Teenage musicians are relegated to basements and garages, where they lay down rhythms, tweak chords and haggle over lyrics. Often for hours on end. Sometimes to the neighbors’ chagrin.

It’s a short-lived diversion for some kids. But for others, it’s a passion that will grow with them. And they shouldn’t have to wait until they graduate to have their talents taken seriously.

Next weekend’s MAMM Slam will showcase those musical talents. The event put on by the Maine Academy of Modern Music will bring together high school bands to battle it out on stage at Empire Dine and Dance in Portland.

“Our goal is not to leave bands in their garages and basements,” said Jeff Shaw, executive director and founder of the academy. “I think it’s important for teens to have a place to share their talents with the community.”

Bands from all over Maine will play mostly original songs (one cover is allowed) for an audience of fellow musicians, supporters and judges.

They’ll be evaluated on their 20-minute performances, marketing and songwriting, in addition to qualities like musicianship.

It’s all part of educating young musicians about what it takes to make it in the music industry, said Shaw. Competing musicians receive feedback, along with tips and tricks of the trade.

There’s also a balance between competitive spirit and camaraderie.

“It helps the kids network with each other and with local professionals,” said Shaw. “I feel it’s less of deciding the best Maine band and more of deciding the band most likely to succeed.”

The skills the young musicians will gain by participating can help them move from “high school band” to “career musicians” one day. It’s a feat that isn’t easy, but it happens.

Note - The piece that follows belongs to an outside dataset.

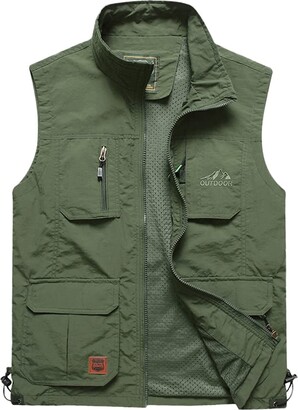 HONGBI Work Vest Mens Outdoor Casual Vest Lightweight Multi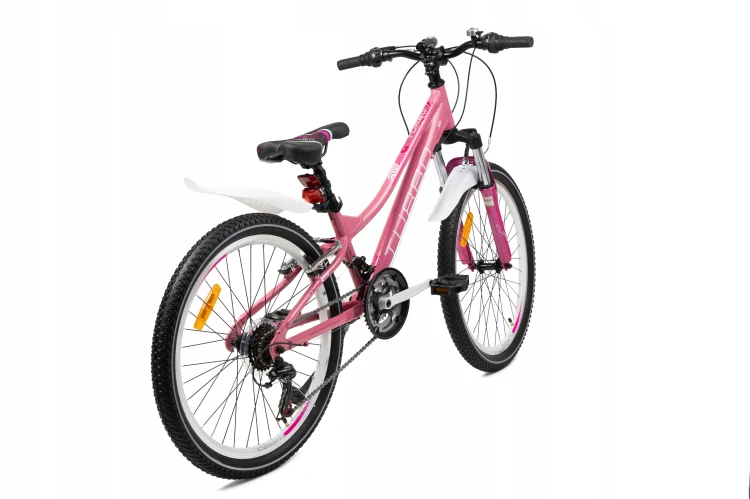 różowy rower górski MTB 24 dla dziewczynki z aluminiową ramą i napędem Shimano, wstępnie złożony i wyregulowany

More than a dozen bands will participate in the MAMM Slam, representing Gorham, Freeport, Telstar, Casco Bay, Scarborough, Greely and South Portland high schools, among others.

Folks who know band members can get a coupon for $2 off the admission price. Without a coupon, entry is $10 for students and $12 for adults

Proceeds from the event support Maine Academy of Modern Music programs, including 26 weeks of Rock Camp this summer, so teens can keep on rockin’.

At the end of the two-day preliminary round, five finalists will be announced, along with one MaineToday.com wild card.

Local musician Dean Ford will perform while the judges tally up the results.

The finalists will perform at the MAMM Slam finals on April 30 at Port City Music Hall.

The winning band gets the honor of being recognized as Maine’s best high school band. And the prizes are decent: $1,000 in cash and a professional services package including photography, logo design, recording studio time, radio time and a professionally written band profile.

The winners also will be invited to tour the multiple Grammy-winning Gateway Mastering Studios in Portland, and they’ll get to open for Sparks the Rescue at Port City Music Hall on the night of the finals.

While the audience at the prelims will be chock-full of band members’ moms, dads, siblings and teachers, Shaw says it’s a great opportunity for the public to pop in and see the future of Maine’s music scene.

Coffee-shop songwriters, late-night punk rockers and main-stage stars all started somewhere. There’s a good chance it was their parents’ basement.

“Kids have talent, too. This is the future of local music,” said Shaw. “And the future sounds good.”